#### [Data segment]

□ □ □ □ □ □ □

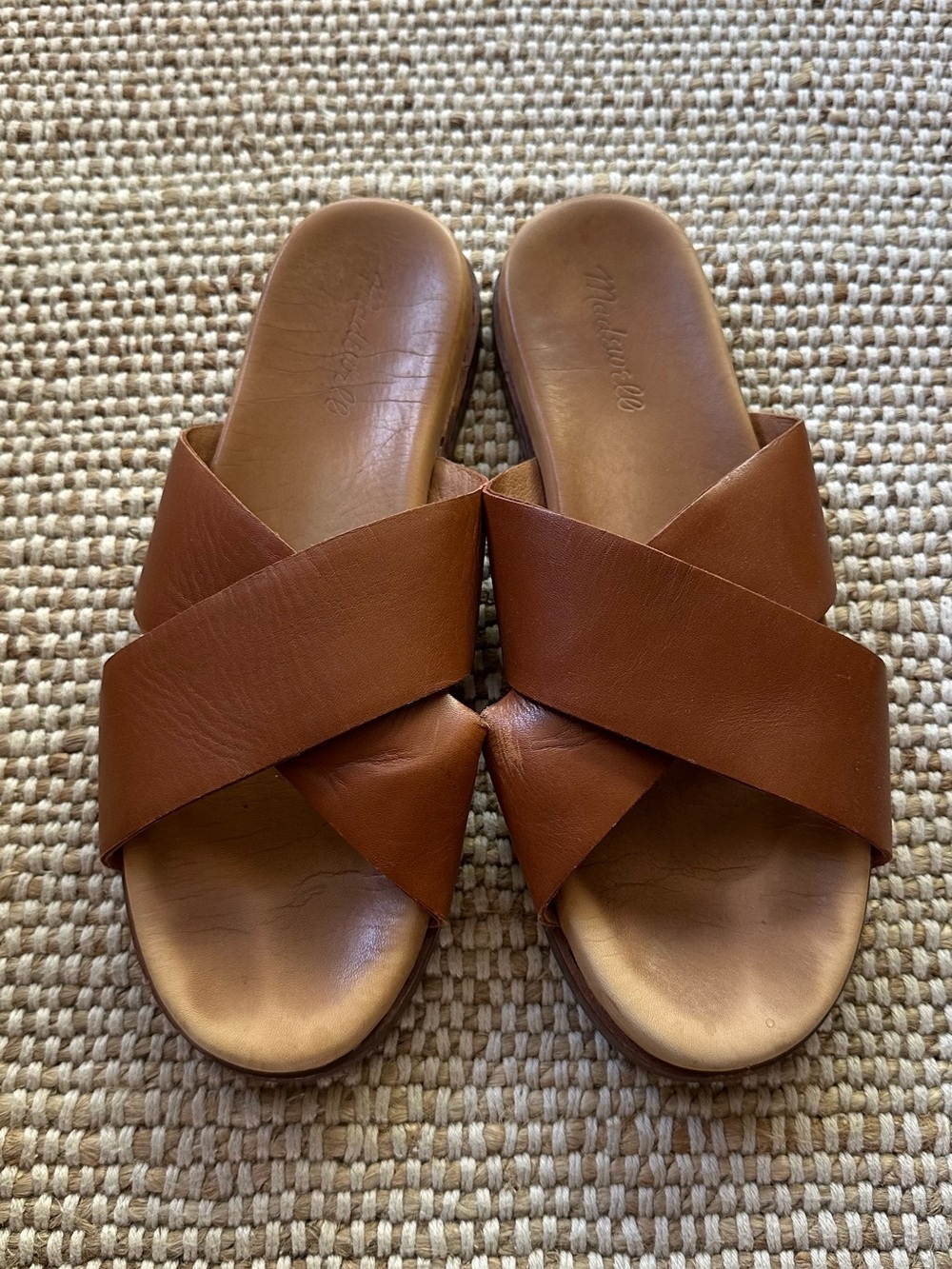 Madewell Cognac Leather Crisscross Slide Sandals - Women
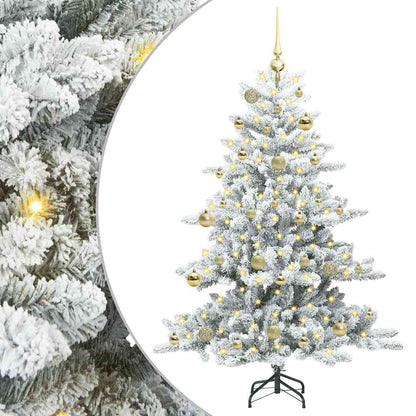 vidaXL Artificial Hinged Christmas Tree White 150 cm PVC and Steel 2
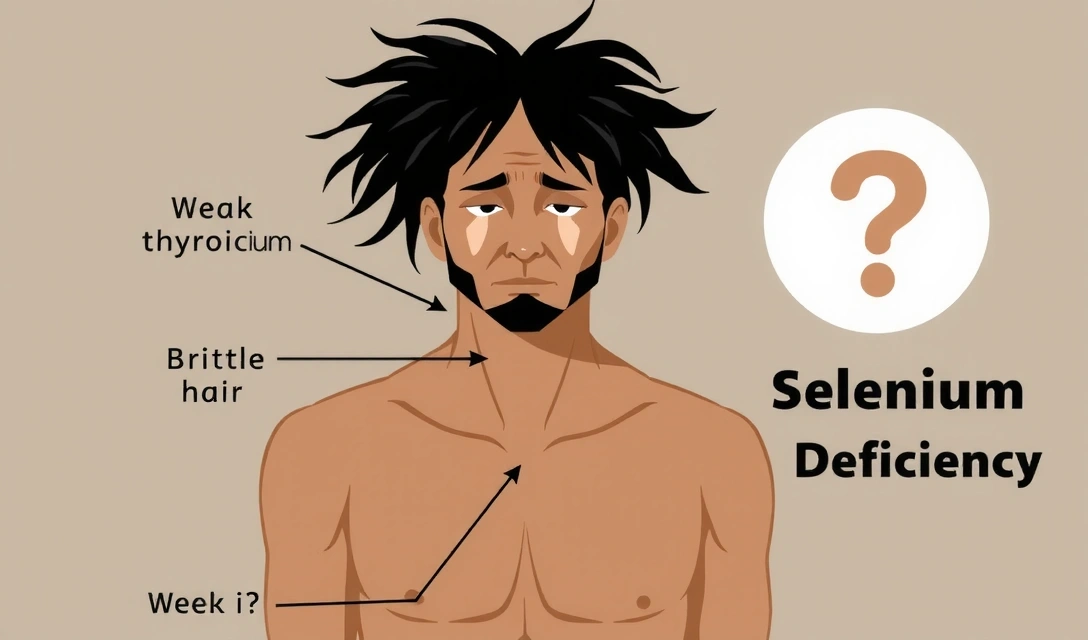 Εικόνα που απεικονίζει συμπτώματα έλλειψης σεληνίου, όπως αδυναμία ή προβλήματα θυρεοειδούς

□ □ □ □ □ □ □

#### [How to complete this task]
Output the listing above exactly, pictures omitted.

#### [Result below]
 Madewell Cognac Leather Crisscross Slide Sandals - Women
 vidaXL Artificial Hinged Christmas Tree White 150 cm PVC and Steel 2
 Εικόνα που απεικονίζει συμπτώματα έλλειψης σεληνίου, όπως αδυναμία ή προβλήματα θυρεοειδούς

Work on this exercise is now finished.